Background and objectives:
The Water for Asian Cities (WAC) Programme is a collaborative initiative of the United Nations Human Settlements Programme (UN-HABITAT), the Government of the Netherlands, the Asian Development Bank (ADB) and countries in the region. The programme focuses on three interlinked priorities:
- Introducing demand responsive and demand management strategies to improve efficiency of water use and give more influence to those currently deprived of water and sanitation;
- Scaling-up sanitation provision city-wide through innovative public-private-NGO partnerships, financing mechanisms and appropriate technical choices;
- New pro-poor investments in urban water supply and sanitation with emphasis on serving the urban poor with piped water and formal sanitation facilities.
The programme, which was launched during the 3rd World Water Forum in Osaka, Japan, on 18 March 2003 supports the implementation of the water and sanitation-related Millennium Development Goals (MDGs) and targets in Asian cities, specifically promoting pro-poor governance, water demand management, increased attention to environmental sanitation and income generation for the poor linked to water supply and sanitation. The programme seeks to achieve this by mobilizing political will, raising awareness through advocacy, information and education, training and capacity building, promoting new investments in the urban water and sanitation sector and systematic monitoring of progress towards the MDGs. The implementation strategies include public awareness campaigns for good urban water governance. The programme focuses on water sector reforms based on transparent policy, independent regulation and involvement of civil society and tariff policy reforms that promote sustainable investments by phasing out subsidies As per the framework of collaboration between ADB and UN-HABITAT, the programme is to be implemented in one country in each sub-region of Asia: South Asia, Southeast Asia, Mekong, East and Central Asia and the Pacific. The three phases of the programme comprise capacity-building, project preparation and investment, which may be implemented either sequentially or simultaneously, depending on the requirements and circumstances of each city. To implement the programme, both ADB and UN-HABITAT are making available US$10 million, equally shared amongst UN-HABITAT and ADB for phase I and II. For phase III, ADB is expected to plan a loan programme totaling US$500 million over a five-year period.Results:
- The first Asian Ministerial conference was held during the 3rd World Water Forum held in Osaka, Japan.

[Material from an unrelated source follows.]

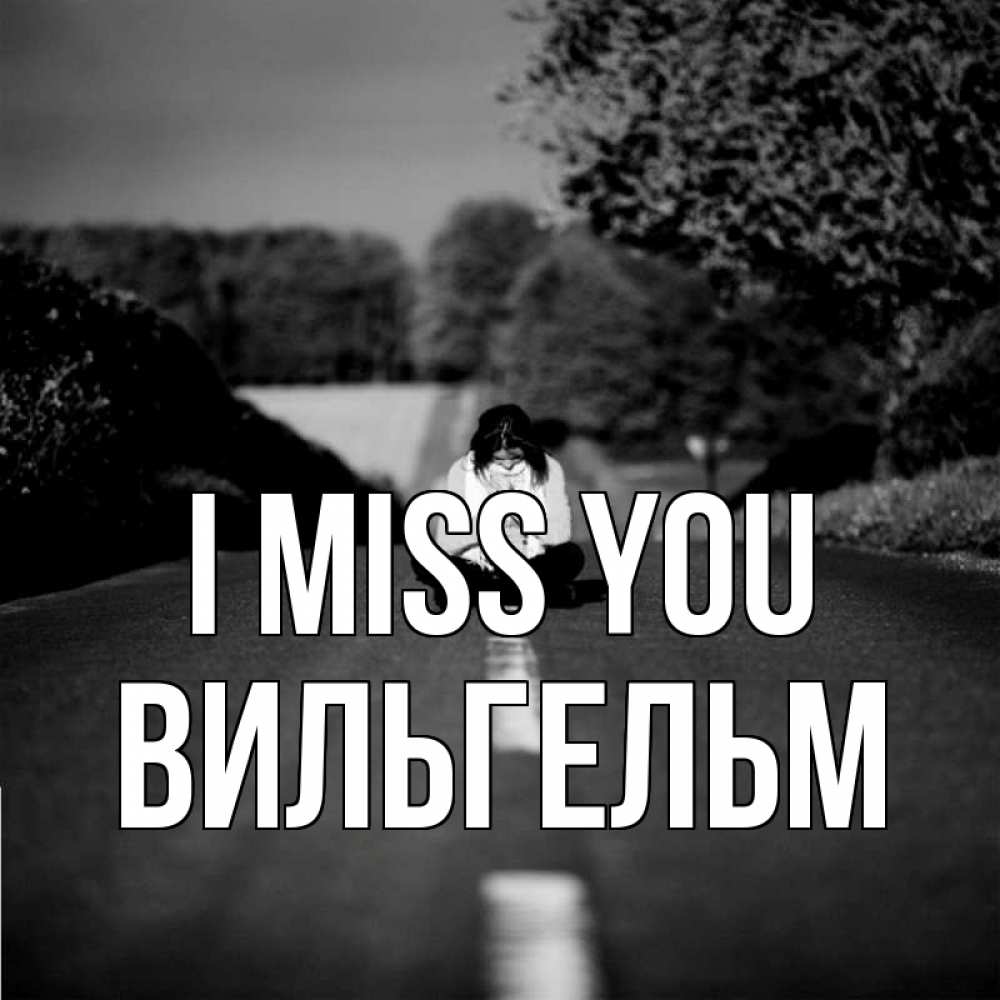 Greetings card с именем, Вильгельм I miss you фото Greetings with text for free download 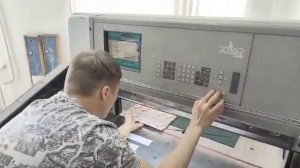 Машина бумагорезальная Polar 92E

- The High-level Ministerial and Mayoral Conference was attended by ministers from China, Sri Lanka, Uzbekistan, Iran and Laos and the mayors of Ulanbator, Mongolia and Bhopal, as well as the Vice-Governor of Phnom Penh, Cambodia. The Conference adopted a Ministerial Declaration identifying priority action areas for the Programme.
- The first ADB/UN-HABITAT Consultations for the review of progress and future planning were held in Manila in September 2003 and endorsed the good progress made by the programme. A regional initiative was launched on "Unheard voices of poor women on water and sanitation" and first results were presented at the 12th session of the Commission on Sustainable Development in New York.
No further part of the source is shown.